HAMDİ BEY
( Kaçarken Yakalandığım İnsanlık )
Hastane koridorları… Soğuk, telaşlı ve umutla endişenin kol gezdiği o uzun yollar… Hamdi Bey ile annemin tedavileri için gittiğin o koridorların birisinde tanıştım.
Her birimizin o koridorlardan geçerken farklı hikâyelere şahitlik ederiz. Kimi müjde beklerken, kimisi çok zor bir habere hazırlık yapar. Tanıdığım Hamdi Bey ise bana “Şifa “ sözcüğünün anlamını yeniden öğretti.
Hamdi Bey kolon kanseriyle mücadele eden, hayat dolu ama yorgun ve sürekli zayıflayan bir adam! Bekleme salonunda her karşılaşmamızda beni durdurup, büyük bir hevesle konuşmaya başlıyor. Bir süre sonra o kadar çok konuşuyor ki Hamdi Bey’den nazikçe kaçmak için bir sürü yol, bahane üretir hale geldim.
Genellikle bir gün önceki olayları tekrar tekrar anlatmayı çok seviyor. Sadece bana değil, koridorda kendisini dinleme hevesinde olan veya onunla göz göze gelen herkese aynı açık kalp ve hasta bir insanın çok diri gözüken halleri içinde…

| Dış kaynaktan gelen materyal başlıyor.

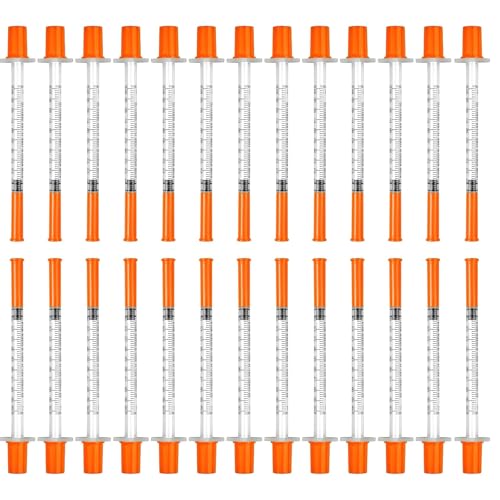 25 PCS 1ml Measuring Dispensers with Caps, 6mm Multi purpose Measuring Tool, Dispensing Measuring Tools With a Scale Suitable for Laboratory Accessories Pet Feeding and Craft Supplies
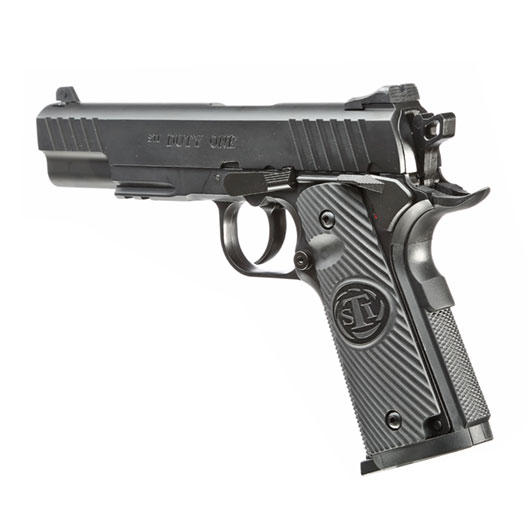 ASG STI Duty One CO2 Luftpistole Kal. 4,5mm BB Blowback Metallschlitten schwarz Bild 4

İtirafta bulunmalıyım, başlangıçta bu durumlar beni çok yoruyordu. Kendi endişelerimi, konforumu ısrarla korumaya çalışıyordum…
Ancak günler geçtikçe, koridorun sonunda birilerini ve öncelikle beni bekleyen o tanıdık simadan kaçmanın içimde bir sızı yarattığını fark ettim. Bir an durup düşündüm. O’nu anlamaya çalışan bir göz ve zihinle süzdüm. Gördüm ki Hamdi Bey’in bitmek bilmeyen konuşma isteği, aslında bir YARDIM çığlığıydı…
Bitip tükenmeyen ve özellikle gece başlayıp O’nu uyutmayan ağrıları, hastalığının getirdiği o ağır yük, O’nu bir teselli arayışına itiyor. Hamdi Bey için konuşmak, bir yerde kendi kendine moral aşılamak, o amansız illetle savaşmak için bir kalkan oluşturmaktı. Belki de anlattığı her hikâye, acısını bir anlığına unutturan bir ağrı kesici gibiydi…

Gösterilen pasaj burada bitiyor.